KHARTOUM (Reuters) - Sudan's security service has banned the newspaper of the opposition Communist party, its editor said on Sunday, the third paper targeted by authorities in the past few weeks.
Sudan's constitution guarantees press freedom but the security service has clamped down on independent and even pro-government media if they criticize the government.
"The security services have issued a publication ban by ordering our printing and distribution firms to stop dealing with us," said Madiha Abdella, editor of al-Midan, the Communist mouthpiece.
"This is the end of the printed newspaper," she said, adding that the paper would offer an online version and file a lawsuit against the government.
Midan was one of the few papers still daring to attack President Omar Hassan al-Bashir, who has faced small protests over inflation and some dissent within the ruling elite.

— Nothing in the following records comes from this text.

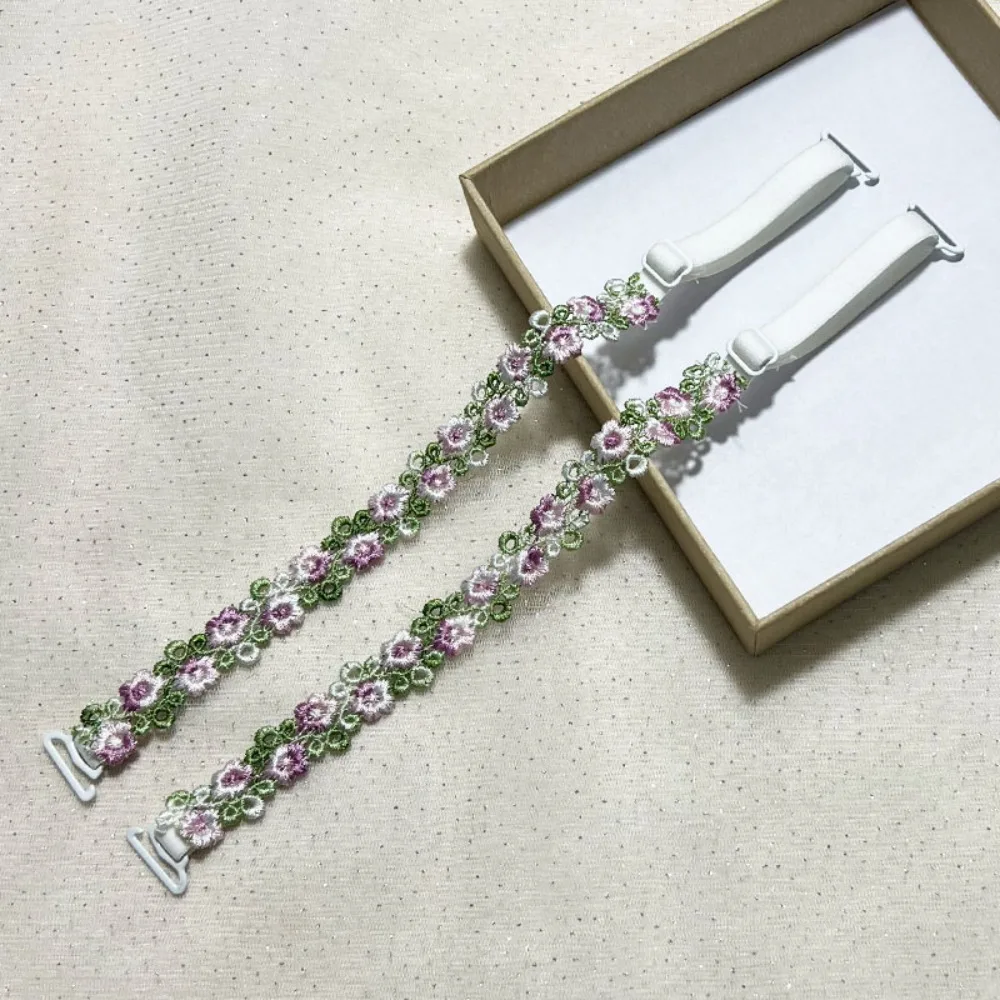 Removable Floral Bra Straps Polyester Adjustable Shoulder Straps Sweet Flowers Anti-slip Floral Shoulder Belts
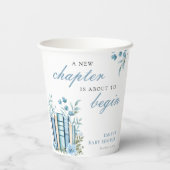 Ein neues Kapitel Blaues Babyshower Pappbecher (Rückseite)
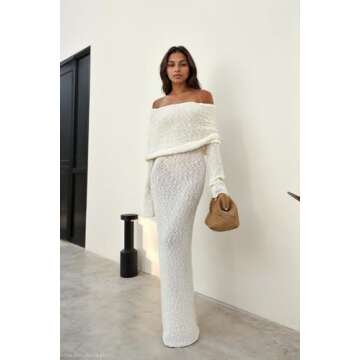 CUTEGAL Women's Off Shoulder Maxi Dress Long Sleeve Bodycon Knit Crochet Mesh Sweater Sexy Vacation Party Dresses Wrap Dress (White,L,Large)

Last week, the security service temporarily banned al-Intibaha, Sudan's biggest daily, which is owned by an uncle of Bashir, because it published a report about the army's fight against rebels in South Kordofan.
While Intibaha resumed publication on Friday, al-Majhar al-Siyassi, Sudan's second-biggest daily by circulation, is still absent from newsstands. It said last week that authorities had ordered it to halt publication after it criticized calls from some officials urging Bashir, in power since 1989, to seek reelection in 2015.
The security service often bans distribution of entire editions to inflict financial losses on newspapers as punishment for critical coverage, journalists say.
The security service was not available to comment.